- **Supplied records**:
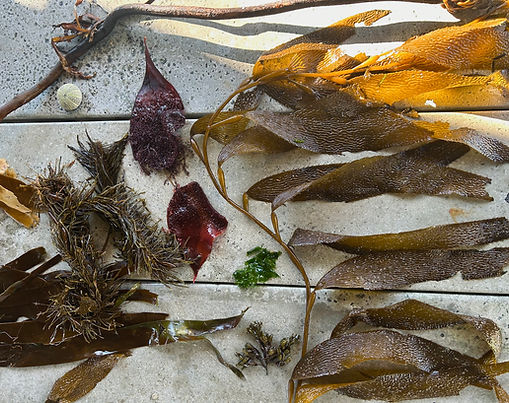 Ucluelet Aquarium Special Events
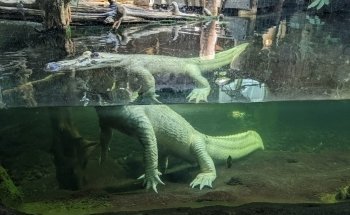 Audubon Aquarium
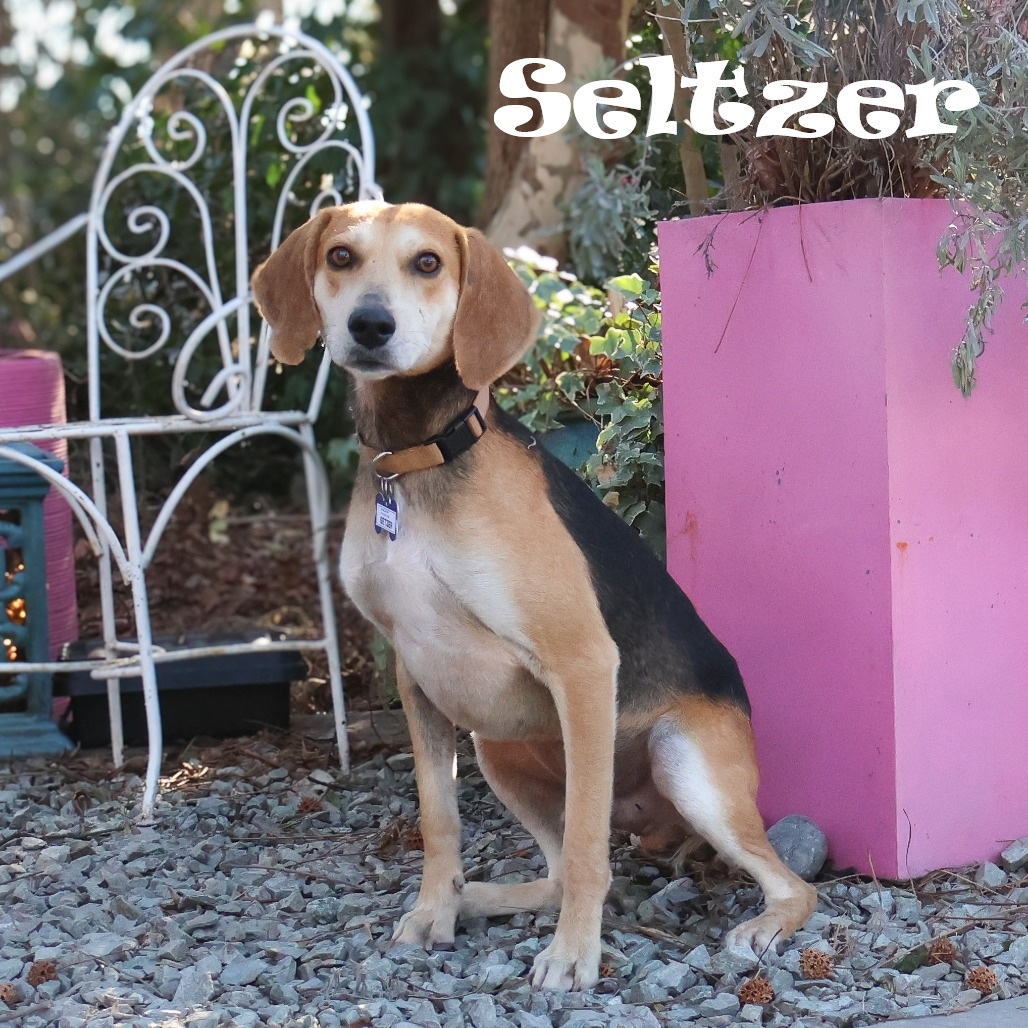SavingGraceNC's tweet photo. Seltzer is a gentle, loving hound mix whose sweet personality is just beginning to shine. He’ll do best in a peaceful home where life moves at a gentler pace. Meet him with an adoption request!
Learn more: https://t.co/1RK79bvRkW
#sgadoptme #savinggracenc #rescueismyfavoritebreed https://t.co/jYTeo1Tgrs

- **Task statement**:
Pictures excluded, copy exactly the lines running from the one with "Audubon Aquarium" through the last line of the material.

- **Answer to the problem**:
 Audubon Aquarium
SavingGraceNC's tweet photo. Seltzer is a gentle, loving hound mix whose sweet personality is just beginning to shine. He’ll do best in a peaceful home where life moves at a gentler pace. Meet him with an adoption request!
Learn more: https://t.co/1RK79bvRkW
#sgadoptme #savinggracenc #rescueismyfavoritebreed https://t.co/jYTeo1Tgrs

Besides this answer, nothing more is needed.